Biden on Tuesday spoke to Russian President Vladimir Putin to raise concerns about these issues and the build up of Russian forces in Crimea and along the border with Ukraine, even as he proposed a summit between the two men.
Biden appears to be trying to strike a balance between defending U.S. national interests against Russia while making clear he would prefer to have a less volatile relationship and to cooperate on issues such as curbing Iran’s nuclear program.
“The American people should not be complicit in the Russian government’s malign activities by directly funding the Russian state at a time when the Russian government is attempting to undermine our sovereignty and threaten our allies and partners,” said one official, echoing the administration’s desire for a “stable and predictable relationship” with Russia.
“We don’t think that we need to continue on a negative trajectory in the relationship,” he said. “However … we will defend our national interests and impose costs for Russian government actions that seem to harm our sovereignty.”
“Our goal here is number one to demonstrate resolve by taking an impactful step,” he added. “The second goal is to … be very clear in our signaling that we have the option to escalate in a far more forceful way if we so choose, and that really will be determined by Russia’s actions.”
This official said the executive order authorized the U.S. government “to target any sector of the Russian economy,” adding “we will not hesitate to expand the Russian sovereign debt sanction if Russia escalates further.”
The executive order on “Blocking Property with Respect to Specified, Harmful Foreign Activities of the Government of the Russian Federation,” was signed by Biden on Wednesday and will be made public on Thursday morning, U.S. officials said.
The sovereign debt action, which will specifically cite the Russian central bank, national wealth fund, and finance ministry, extends a step the United States took in 2019, when it barred U.S. financial institutions from buying non-rouble-denominated debt directly from Russia in the primary market.
Neither move, however, affects Russian sovereign debt traded in the secondary market, meaning that U.S. persons can continue to buy and sell such bonds there.

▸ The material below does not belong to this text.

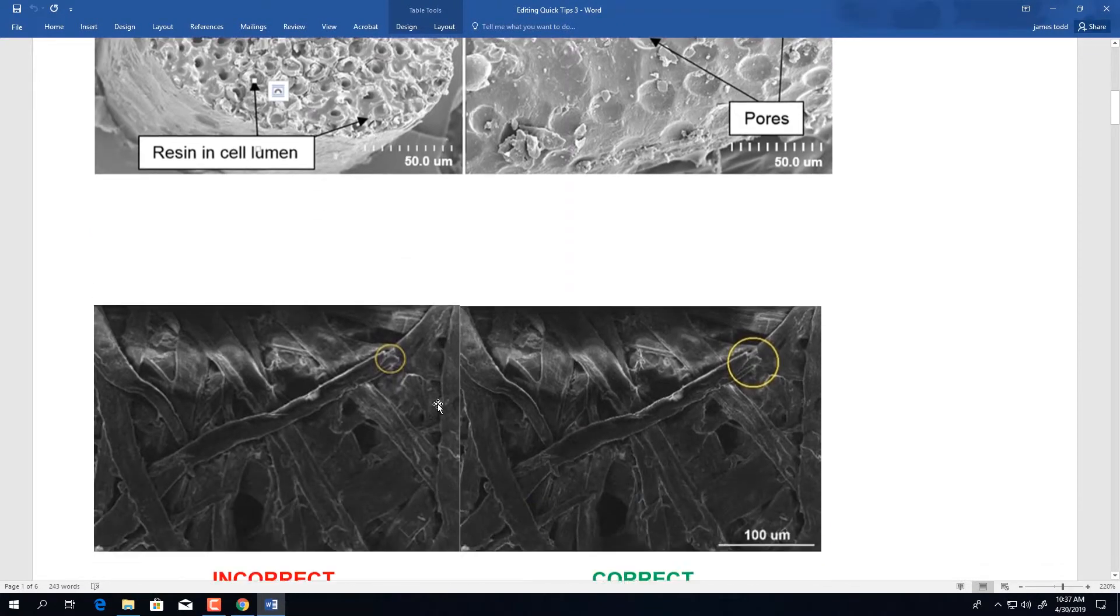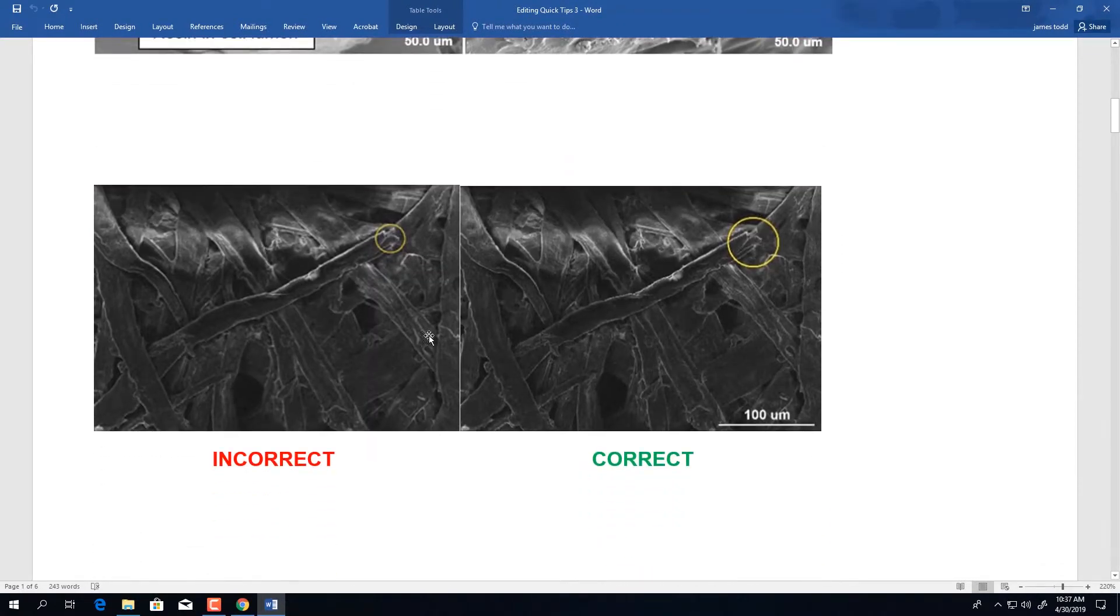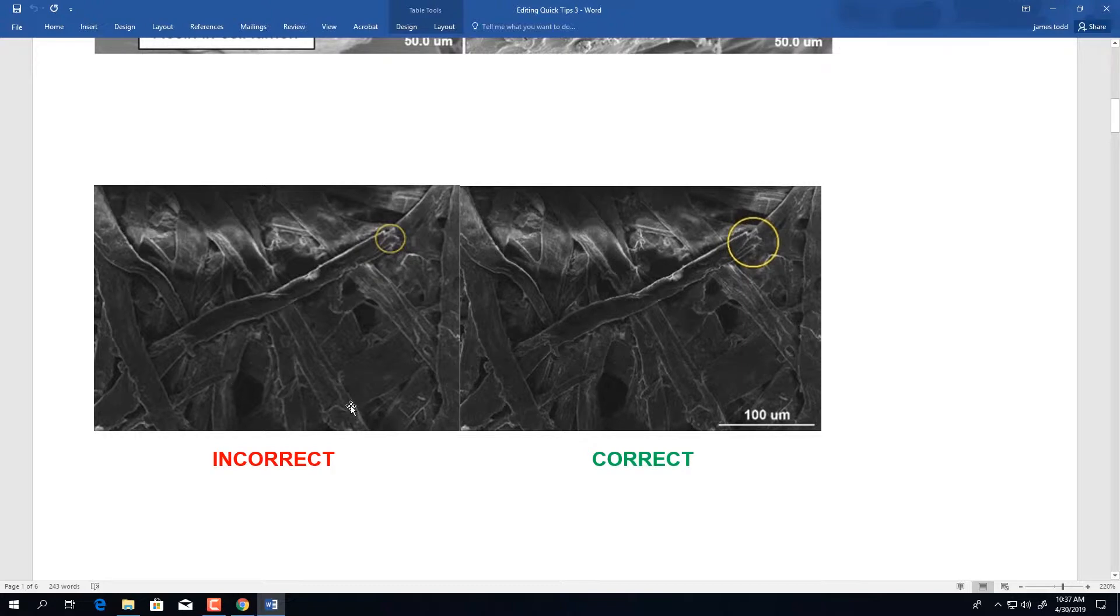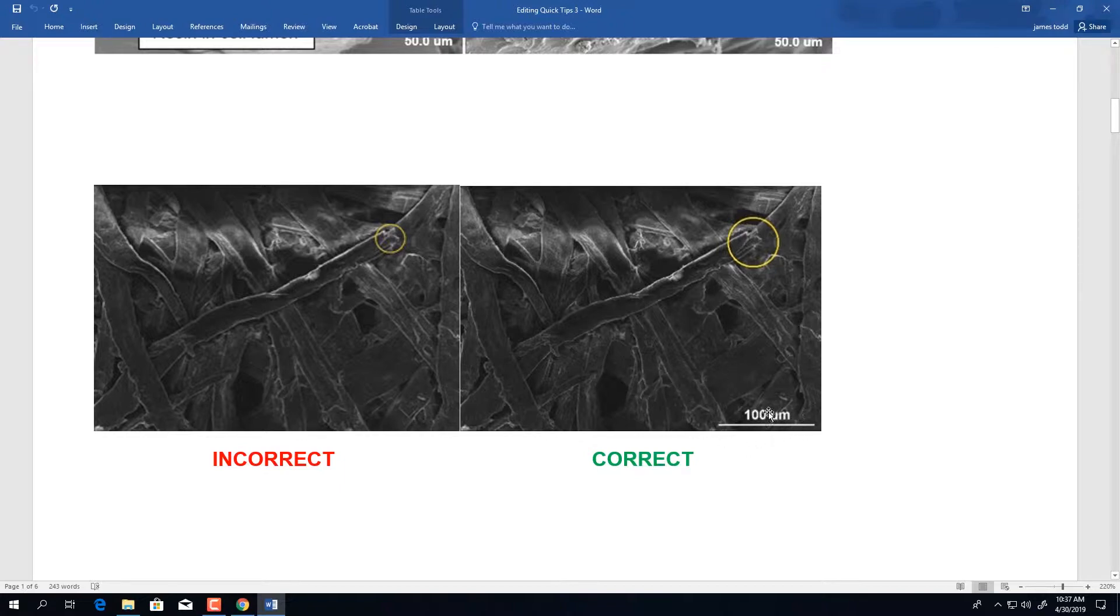Looking at the next example, this was an image submitted to us that was missing a scale bar. In the correct version, we have the appropriate size scale bar with the unit of measurement. Notice there is a space between the numerical value and the unit of measurement.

The first U.S. official said the Russian rouble-denominated sovereign debt market was valued at about $185 billion, about a quarter of which is held by foreign investors. U.S. investors make up about half of the foreign holdings, he said.
“Judging from history, removing U.S. investors as buyers in this market will likely cause a chilling effect that raises Russia’s borrowing cost, along with capital fight and a weaker currency – all of which leads to slower growth and higher inflation,” said this official.
Dan Fried, a retired U.S. diplomat now at the Atlantic Council think tank, described the step outlined by the U.S. officials as “significant” and markedly stronger than former U.S. President Donald Trump’s actions.
“We are signalling that we are prepared to do even more and there are steps that would be quite a bit stronger,” he said, citing the possibility of “restrictions on trading in the secondary market, which would be a huge deal.”